Chapter 3 Data visualization

In this class, we will use the tidyverse package ggplots. It is based on The Grammar of Graphics by Wilkinson (L. Wilkinson 2005). The basic idea is that you can build up a plot by adding layers.

ggplot2 is loaded either with library(ggplot2) or library(tidyverse).

Code
library(tidyverse)
library(patchwork)
library(GGally)

We also load the package patchwork which allows us to combine multiple graphs into a single figure.

Here is an example of a ggplot2 graph:

Code
ggplot(data=mtcars, mapping=aes(x=wt, y=mpg)) +
    geom_point(color="darkgreen") +
    geom_smooth(formula=y ~ x, method="lm")
Example of a ggplot2 graph

Figure 3.1: Example of a ggplot2 graph

Step 1: The ggplot command creates a new plot. The first argument is the data frame, and the second argument is the mapping. It maps the variables from the dataframe to the visual properties of the plot. In this case, we are mapping the variable wt to the \(x\)-axis and the variable mpg to the \(y\)-axis.

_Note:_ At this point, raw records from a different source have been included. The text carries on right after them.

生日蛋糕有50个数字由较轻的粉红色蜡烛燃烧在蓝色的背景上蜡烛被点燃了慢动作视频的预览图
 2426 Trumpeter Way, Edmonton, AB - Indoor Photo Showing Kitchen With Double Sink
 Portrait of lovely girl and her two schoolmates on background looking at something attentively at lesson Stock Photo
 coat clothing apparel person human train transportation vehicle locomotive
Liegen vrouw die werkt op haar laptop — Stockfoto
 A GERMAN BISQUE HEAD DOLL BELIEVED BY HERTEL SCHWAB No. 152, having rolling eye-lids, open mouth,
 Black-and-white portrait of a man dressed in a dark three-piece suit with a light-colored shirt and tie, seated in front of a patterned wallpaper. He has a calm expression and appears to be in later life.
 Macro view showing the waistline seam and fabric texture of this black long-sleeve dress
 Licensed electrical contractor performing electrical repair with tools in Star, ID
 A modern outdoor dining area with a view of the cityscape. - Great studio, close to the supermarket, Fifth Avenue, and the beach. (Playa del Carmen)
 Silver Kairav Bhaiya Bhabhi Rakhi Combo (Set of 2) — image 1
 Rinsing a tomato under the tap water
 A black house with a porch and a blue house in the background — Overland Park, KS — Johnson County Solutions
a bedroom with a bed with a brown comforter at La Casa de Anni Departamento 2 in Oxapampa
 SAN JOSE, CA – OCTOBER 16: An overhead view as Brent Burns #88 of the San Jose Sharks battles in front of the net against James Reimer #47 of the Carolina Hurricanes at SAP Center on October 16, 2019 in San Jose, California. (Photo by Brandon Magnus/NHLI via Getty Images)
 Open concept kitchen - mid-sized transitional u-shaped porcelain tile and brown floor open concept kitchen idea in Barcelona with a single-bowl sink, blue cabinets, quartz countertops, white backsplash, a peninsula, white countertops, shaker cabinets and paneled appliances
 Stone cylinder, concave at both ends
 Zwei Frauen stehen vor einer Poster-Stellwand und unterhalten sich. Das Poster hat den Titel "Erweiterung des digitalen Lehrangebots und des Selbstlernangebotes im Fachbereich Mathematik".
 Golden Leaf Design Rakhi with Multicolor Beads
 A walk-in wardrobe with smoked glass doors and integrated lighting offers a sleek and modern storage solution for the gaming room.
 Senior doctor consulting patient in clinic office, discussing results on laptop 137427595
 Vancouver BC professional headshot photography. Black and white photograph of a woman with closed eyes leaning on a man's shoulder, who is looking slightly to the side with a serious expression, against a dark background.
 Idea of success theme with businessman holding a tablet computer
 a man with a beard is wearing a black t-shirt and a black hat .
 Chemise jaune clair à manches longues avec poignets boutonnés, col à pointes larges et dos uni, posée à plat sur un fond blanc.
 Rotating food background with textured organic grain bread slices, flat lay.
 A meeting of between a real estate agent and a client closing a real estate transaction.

Step 2: The geom_point command adds the first layer to the plot. In this case, it adds darkgreen points (color argument). The layer is added using the + operator.

Step 3: The geom_smooth command adds a layer with a fit curve. The formula argument specifies the formula for the curve. The default is the linear regression y~x. The method argument specifies the method for fitting the curve. In this case, we are using the linear model. The default is to fit a loess curve or a spline fit as a function of the dataset size.

Figure 3.1 gives the resulting plot. There are many ways in which we can extend the plot. For example, we can color the points by another data property. Here, we color by the number of cylinders (cyl).

Code
ggplot(data=mtcars, mapping=aes(x=wt, y=mpg, color=factor(cyl))) +
    geom_point() +
    geom_smooth(formula=y ~ x, method="lm")
Example of a ggplot2 graph with color representing a property

Figure 3.2: Example of a ggplot2 graph with color representing a property

We also added another aesthetic mapping. The variable cyl, the number of cylinders, is mapped to the color aesthetic. 2 The color aesthetic affects the plot in several ways. It changes the color of the points and the linear regression lines. It also creates individual regression lines for each group of points. Finally, a legend is added that explains what the colors represent is added to the plot 3.2.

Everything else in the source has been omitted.